You’d have to be crazy to want to be humbled. We live in a society where, whether blatantly or not, every Instagram post is telling you who’s the best. It’s not natural to want to take a backseat in a society like that –– plus, “being humbled” usually involves pain or loss of some kind. That means, the fact that Almighty God exchanged all the majesty due his name for humility –– for us –– is a crazy act of love and sacrifice! This weekend, join us as we celebrate Palm Sunday and the humility of God!
1. A humble colt instead.
- We live in a world that is constantly grasping for identity. They search for this identity in their work, their savings, or their talents. Jesus’ identity as the Son of God wasn’t something he needed to “grasp.” He came to earth knowing that people would not recognize him for who he was.
- As the Son of God, Jesus could have chosen to make a dramatic and wealthy entrance. Instead, he chose to enter Jerusalem on a donkey. He didn’t puff himself up, but humbled himself. He knew who he was and what he had come to do, and had nothing to prove.
- As followers of Jesus, our identities are secure in him. He has called us beloved. We don’t need to grasp at that identity, and we have nothing to prove to ourselves or to the world.
Are there any ways you find yourself trying to “prove yourself” to other people? How does knowing your identity is secure in Christ change how you see yourself and how you interact with other people?

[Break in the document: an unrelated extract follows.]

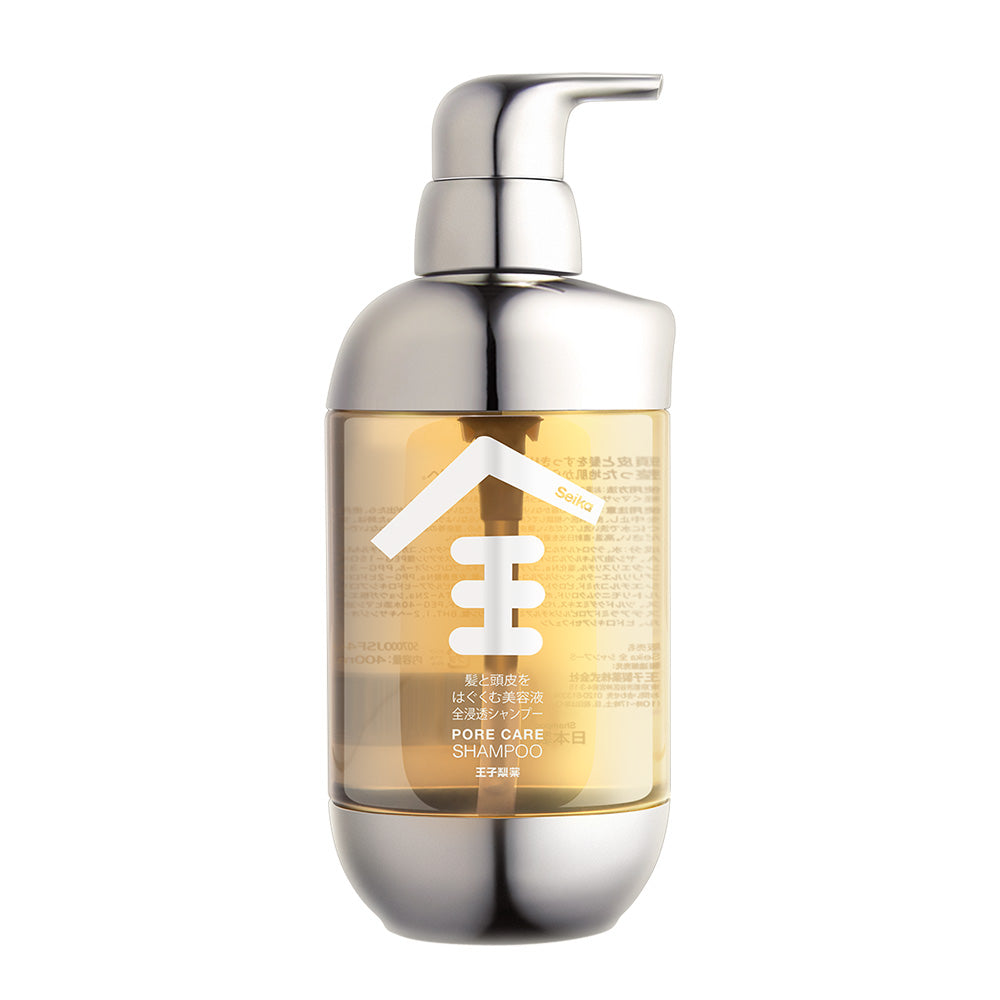400ml】Seika全 シャンプー Seika Pore Care Shampoo 和漢処方 頭皮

2. The praise of the humble instead.
- The pharisees’ job was to teach the people God’s law and God’s character, but they were the ones who rebuked Jesus. Instead of being at the forefront of what God was doing, they missed it completely. It was their pride that kept them from entering into praise with the people.

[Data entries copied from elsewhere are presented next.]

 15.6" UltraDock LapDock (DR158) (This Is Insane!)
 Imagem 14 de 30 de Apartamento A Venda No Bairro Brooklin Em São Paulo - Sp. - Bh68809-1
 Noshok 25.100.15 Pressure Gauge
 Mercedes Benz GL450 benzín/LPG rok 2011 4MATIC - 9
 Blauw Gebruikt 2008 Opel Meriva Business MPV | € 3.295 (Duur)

- In contrast to the pharisees, the disciples and the people were shouting the arrival of Jesus and praising him. A humble person has no trouble praising God. It’s not difficult for a humble person to acknowledge that God is good because they know their own weakness.
- The humble are also more willing to praise God simply because they are not caught up in praising themselves. If we’re so distracted by praising our accomplishments, we might miss what God is up to just like the pharisees did.
What does it mean that God himself is humble? Why does humility matter to God? Are you humble? In what areas of your life is God inviting you into deeper humility?
3. Humble tears instead.
- We would expect that in the light of the triumphal entry, Jesus would be feeling pretty good. He appeared to be popular and well accepted. Instead, we see that he wept at the gates of Jerusalem. This reaction was no doubt confusing to the cheering crowd around him, but he wept because of his love for them.
- The Fatherly heart of God was heartbroken when people missed the truth of who Jesus was and what he came to do. Jesus was so connected to the heart of his Father, that his heart also broke, in spite of the party that was going on around him. He was willing to let his heart break over the things that broke his Father’s heart.
- The heart of God still breaks when people miss the truth of who Jesus is and what he has done. It is easy to just set that heartbreak aside or to try and drown it out with our busy world. We, like Jesus, need to allow our hearts to break for this lost world.
What things break God’s heart? What kinds of things break your heart? Does your heart break for what breaks God’s heart? How can you align what moves you with what moves God?
4. A humble house instead.
- Once again, the humble heart of Jesus surprised those in the temple. The temple was the pride of Jerusalem, and those standing nearby probably thought that it would impress Jesus. Instead, he drove out the money lenders and cleansed the temple of greed. Instead of railing against money, he simply set the standard of what the House of God was meant to be–a house of prayer.
- Prayer is the word we use for our conversations with God. When we spend time in God’s presence, we are spending time in prayer. What Jesus is saying about the temple is that when God wanted a house built, it was meant to be a place where people could come and have conversation with him. However, people had turned the place of conversation into a place where they could make money.
- In any relationship, we need to spend time in conversation with that person if there is going to be any depth. Our relationship with God needs conversation too. If we’re going to grow in our relationship with him, we need to spend time talking to him. Prayer is the key to our relationship with God.
How can you increase the frequency and depth of your conversations with God? What would it look like to make your entire life a “house” of prayer?
Optional Follow-up Questions:
- What makes you say that?
- How do you feel about that?
- How would you explain your answer to a non-Christian friend or neighbor?
- Why did God design it to work that way? Why not just do (whatever else) instead?
- What would you say to someone who disagrees with that?
- Why do we really have to do it like that? Why can’t we just go (some other route) instead?